Le 17 mai 1992, 66% des citoyens ont voté OUI à la révision de la loi sur la protection des eaux. Le monde politique a ainsi reçu le mandat du peuple de protéger les cours d’eau contre toute atteinte nuisible.
Où en sommes-nous 16 ans plus tard? La loi sur la protection des eaux demande que l’état naturel des cours d’eau soit autant que possible préservé ou reconstitué. Mais ces exigences ne fixent pas une obligation de revitalisation. Quelques cantons ont réalisés de bons projets et ont ainsi donné des signaux positifs. Mais ce sont des exceptions. La plupart des cantons prennent leur temps. Au rythme actuel de 15 kilomètres par année, il faudra plus de 1000 ans pour revitaliser nos cours d’eau !
Le contre-projet qui nous est proposé est de bonne qualité et résout une bonne partie des problèmes qui nous sont posés.
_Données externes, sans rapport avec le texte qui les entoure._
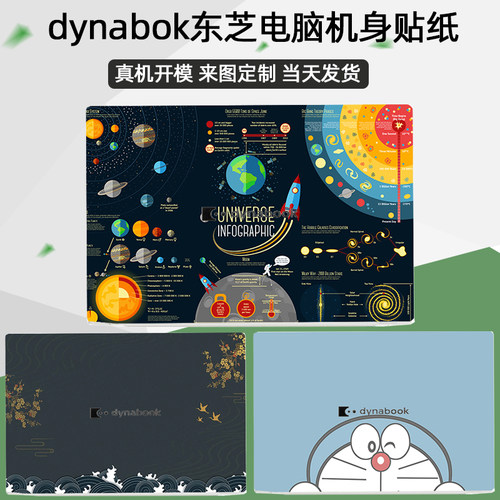 真机开模 来图定制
Cependant, l’initiative va plus loin et est plus efficace sur certains points que j’aimerais relever.
Tout d’abord, les débits résiduels posent encore un problème. La loi prévoit certes le maintien de débits résiduels convenables dans les cours d’eau en aval d’un ou plusieurs captages. Mais le délai, fixé à 2012, ne sera pas respecté. Plutôt que d’accélérer la mise en oeuvre, le contre-projet assouplit encore les dispositions en matière de débits résiduels. Mesdames et Messieurs vous devrez expliquer cette situation au peuple lors de la votation.
Ce n’est pas par hasard que l’initiative prévoit un droit de recours. Si l’Etat ne met pas en œuvre les dispositions prévues, le peuple doit pouvoir intervenir. Ce point fait défaut dans le contre-projet.
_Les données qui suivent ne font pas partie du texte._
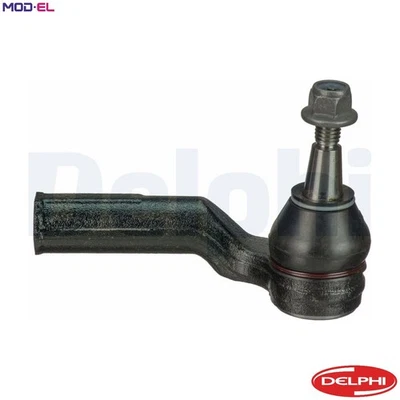 TIE ROD END TA3291 FOR VOLVO V40/Hatchback/Van B4204T19/4204T21/4204T37 2.0L - Image 1 of 4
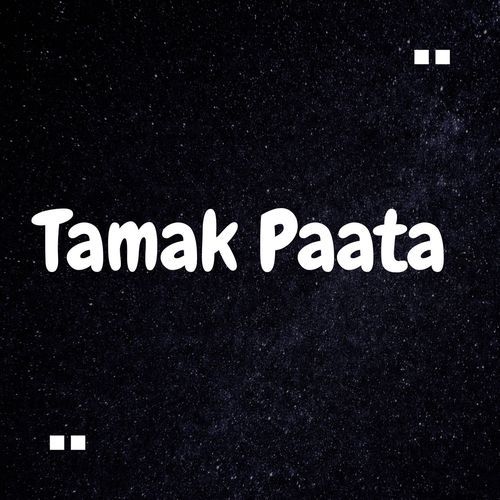 Tamak Paata_poster_image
L’initiative prévoit un financement par le biais d’un fonds cantonal inspiré du modèle du canton de Berne, modèle qui a fait ses preuves. La commission a apporté de nouvelles idées, ce que nous saluons. Mais un doute subsiste: les moyens nécessaires à la revitalisation de nos cours d’eau seront-ils garantis ou doit-on craindre leur suppression d’ici quelques années ? Une garantie de financement fait défaut. Je prie Monsieur le Conseiller fédéral Moritz Leuenberger de bien vouloir s’exprimer sur cette question.
Pour ces quelques raisons, je vous invite, Mesdames et Messieurs, à recommander l’acceptation de l’initiative populaire « Eaux vivantes ». Elle permettra de résoudre la plupart des problèmes de préservation des cours d’eau et mérite votre soutien à ce titre.